- BRIEF -
The records are to be copied from the line that contains "Smith & Wesson" through their last line, word for word, with every picture left out.

- INFORMATION GIVEN -
==========
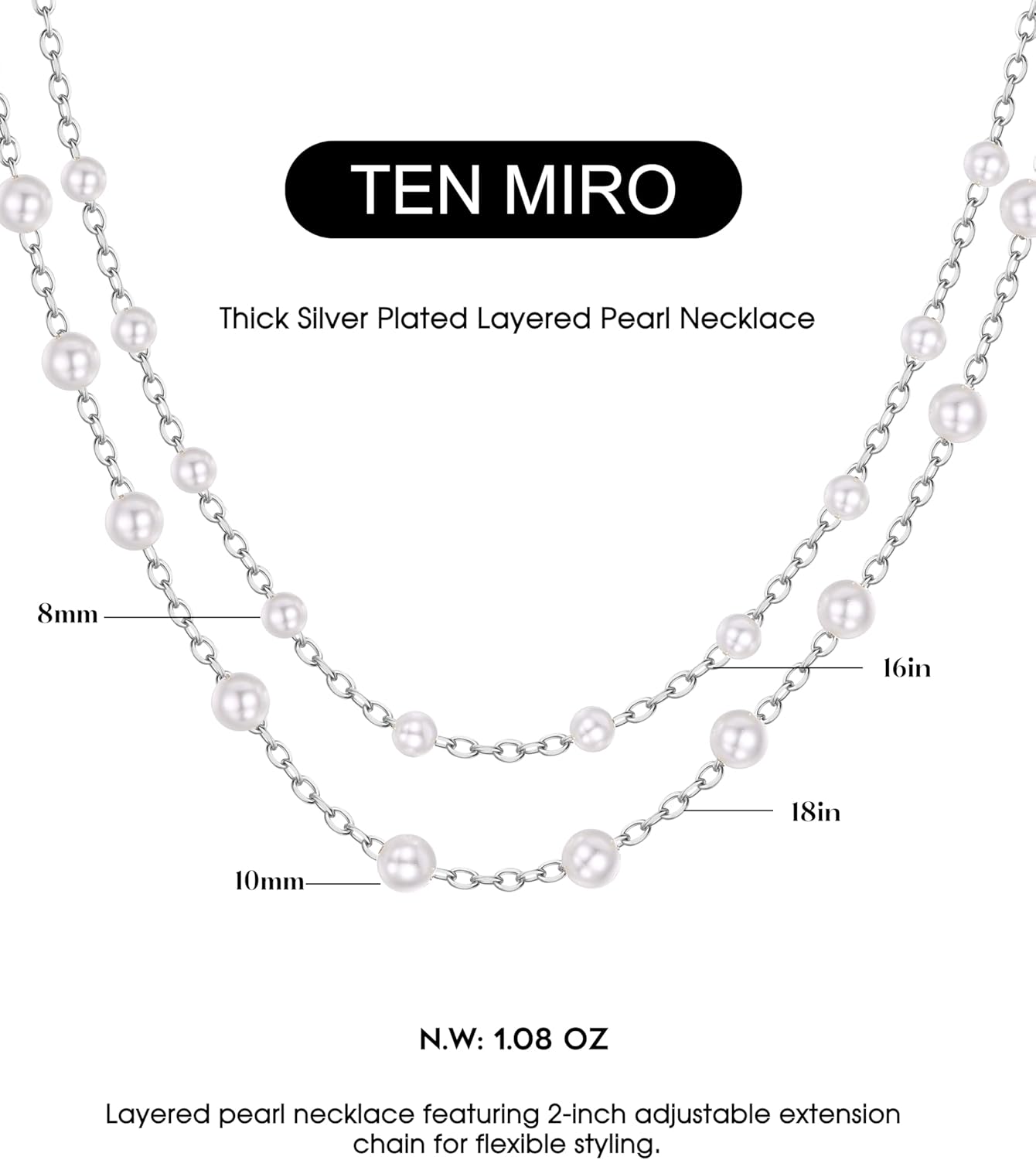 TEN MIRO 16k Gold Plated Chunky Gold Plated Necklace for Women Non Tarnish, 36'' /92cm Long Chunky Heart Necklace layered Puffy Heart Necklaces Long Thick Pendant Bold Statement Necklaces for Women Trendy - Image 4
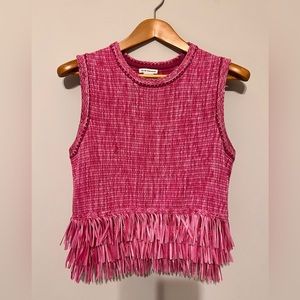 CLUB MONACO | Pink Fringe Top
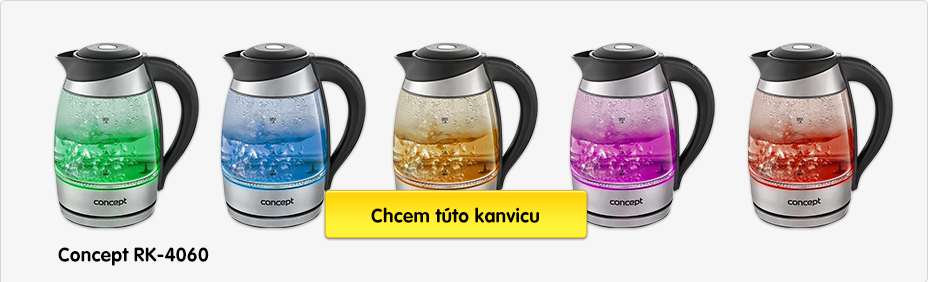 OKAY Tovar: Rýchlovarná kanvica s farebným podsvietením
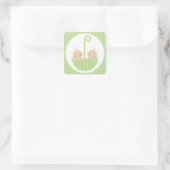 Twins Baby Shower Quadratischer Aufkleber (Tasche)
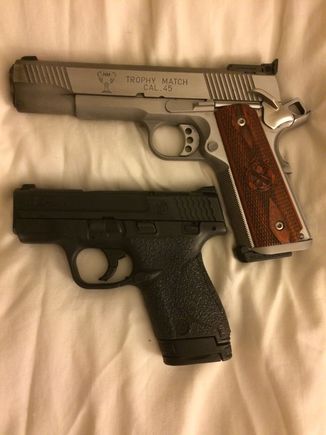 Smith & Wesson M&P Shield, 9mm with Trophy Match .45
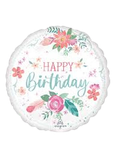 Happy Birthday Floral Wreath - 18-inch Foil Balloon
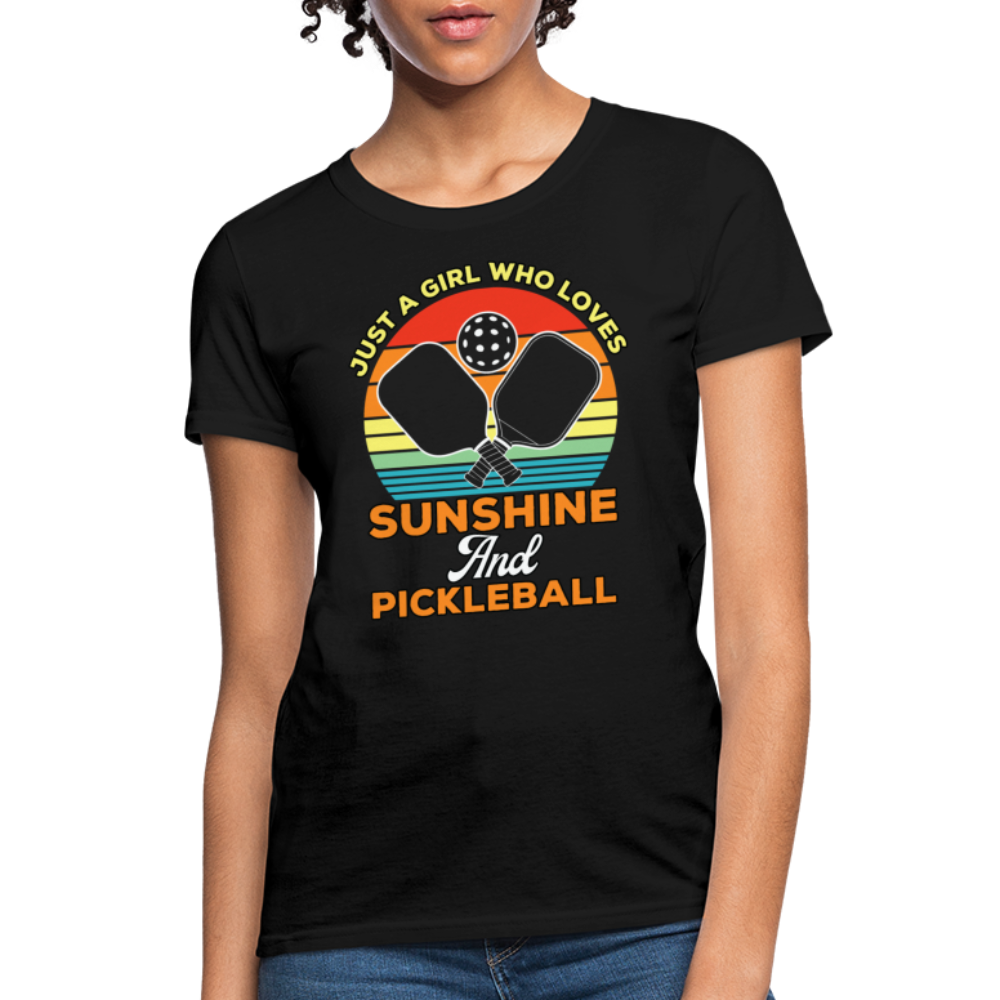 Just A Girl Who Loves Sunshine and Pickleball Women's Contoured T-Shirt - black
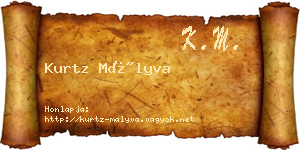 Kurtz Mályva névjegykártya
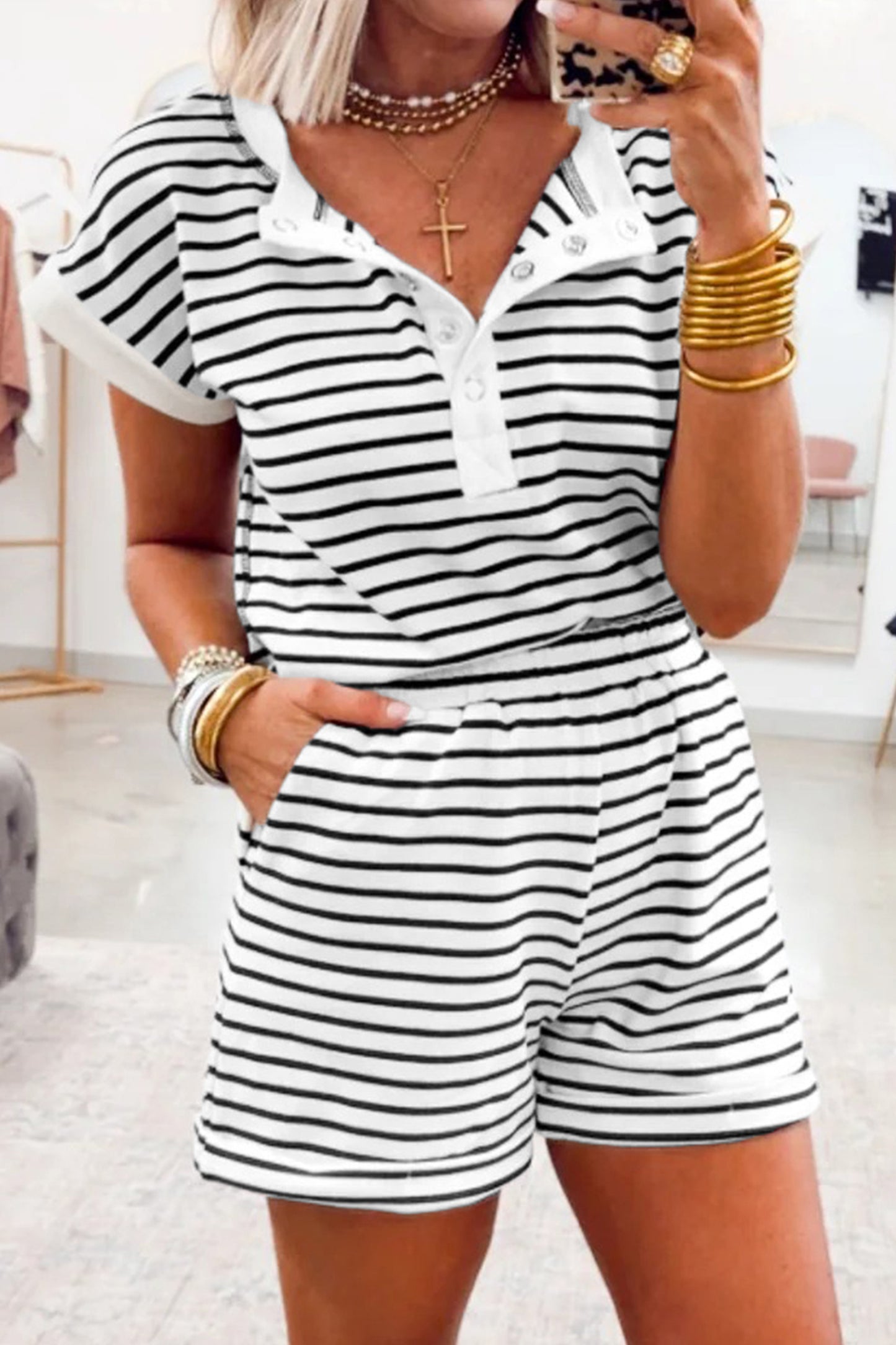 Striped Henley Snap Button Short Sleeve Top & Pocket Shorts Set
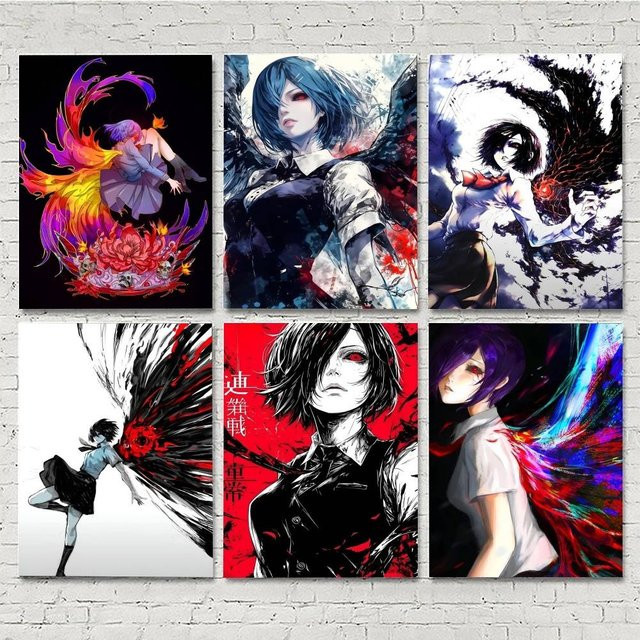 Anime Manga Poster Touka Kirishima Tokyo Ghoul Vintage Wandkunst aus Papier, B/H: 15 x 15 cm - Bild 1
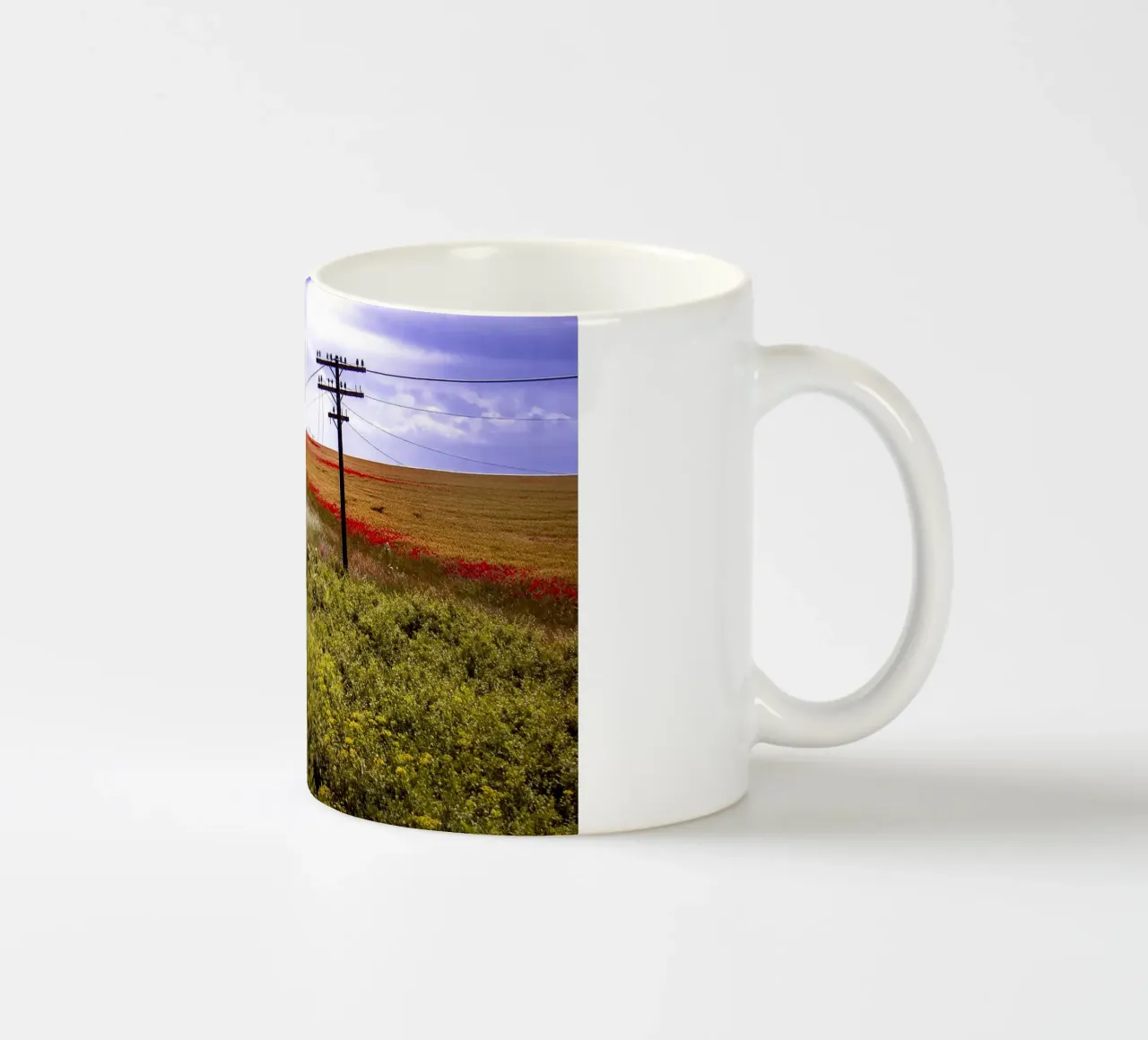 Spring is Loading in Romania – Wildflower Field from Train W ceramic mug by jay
==========
- THE COMPLETED TASK -
 Smith & Wesson M&P Shield, 9mm with Trophy Match .45
 Happy Birthday Floral Wreath - 18-inch Foil Balloon
 Just A Girl Who Loves Sunshine and Pickleball Women's Contoured T-Shirt - black
 Kurtz Mályva névjegykártya
 Striped Henley Snap Button Short Sleeve Top & Pocket Shorts Set
 Anime Manga Poster Touka Kirishima Tokyo Ghoul Vintage Wandkunst aus Papier, B/H: 15 x 15 cm - Bild 1
 Spring is Loading in Romania – Wildflower Field from Train W ceramic mug by jay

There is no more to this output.